For my main character of Project Ignite I have considered the use of baking. This cheaty technique allows us to create really high dense models consisting of 200,000 quads and condense them down to a game friendly 20,000 with minimal loss of quality.

We do this by making a very high poly version of what we want and then rendering all the information from that on top of a really low poly version of the same thing. We can bake all maps but the main few that are used in games are normal maps, height maps and ambient occlusion.

To bake in blender we get our very high poly model:

Then we make a low poly basic shape of it, mine is this cube:

Then all we need to do now is to switch over to the cycles renderer and select whicher map we want to use and the high and low poly versions then press render.

Once it has finnished, It will be exported to our textures. Here's the final result of our test baking:
We have successfully reduced this model fom 5,000 faces to 12 (a 99.76% reduction) just by moving all that data to a texture.

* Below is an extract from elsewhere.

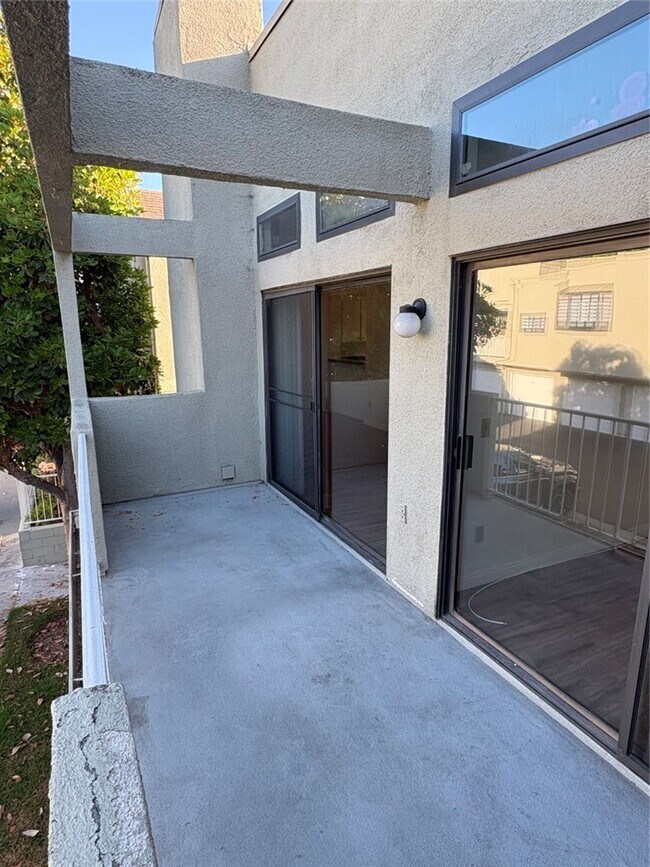 Building Photo - 17641 Sergio Cir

So why wouldn't everyone use baking then?
Well, nearly every game does use baked textures. The major reason to why you wouldn't is that baked textures cannot be edited without chaning the high poly model and then rebaking it to all of the textures you use and in virtual realiy games the magic behind the curtain is revealed, leaving players seing the flat baked textures up close. For these reasons, Project Ignite wont include any baked textures, Including the main character.